Finally, appellant urges that * * * he was paid from public funds while working for [the private corporation]. While public funds were appropriated initially to pay for the type of services performed by appellant, the funds lost their chief characteristic of “public funds” once the funds came into possession and control of CSO, a private entity. The hallmark of public funds is that such money belongs to the state or a subdivision of government. The appellant in this case was paid by a private corporation whose funds were not controlled or held by the board. We, therefore, reject the contention that appellant was paid with public funds.

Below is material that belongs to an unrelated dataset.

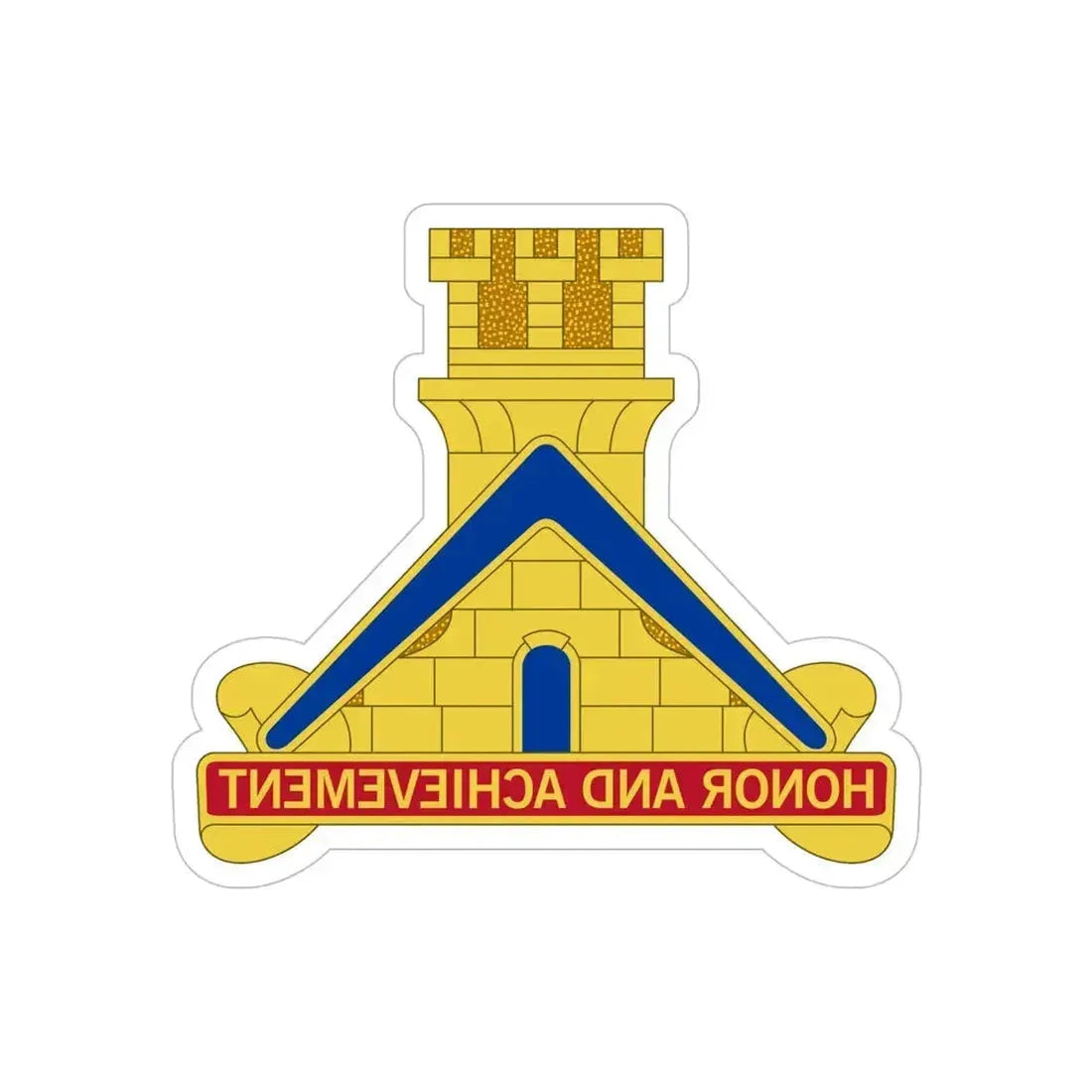 339 Engineer Battalion (U.S. Army) REVERSE PRINT Transparent Die-Cut STICKER 5 Inch Die-Cut Transparent - The Sticker Space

{¶ 24} Our holding in Yovich is applicable to the present circumstances. Although the monies White Hat used to pay for property were once public funds, at the time of the purchases, the monies used to pay for the property were in the possessionand control of White Hat, a private entity. White Hat could decide how and whether to spend the money, and the board no longer had any control over or possessory interest in the monies. Therefore, consistent with Yovich, we agree that the continuing fees the schools paid to White Hat using public funds lost their chief characteristic of public funds once the funds came into possession and control of White Hat, a private entity.

{¶ 25} Accordingly, if the funds White Hat used to pay for the property were private funds, then the meaning of the language in Sections 2, 8, and 12 is clear. Section 8(a)(i) provides that White Hat must pay for all property used in the education of the students, and the schools may purchase any property owned by White Hat upon termination of the agreement. Section 2(b)(i) explains which property White Hat owns. Section 2(b)(i) requires White Hat to purchase on behalf of the schools only that property that, by nature of the funding source, must be titled in the schools' names. Because White Hat's private funds do not require the property purchased with them be titled in the schools' names, the property purchased with White Hat's private funds is owned by White Hat. Following this logic to its end, pursuant to Section 12(c), White Hat must then transfer title in the property to the schools after the schools' payment under Section 8(a)(i).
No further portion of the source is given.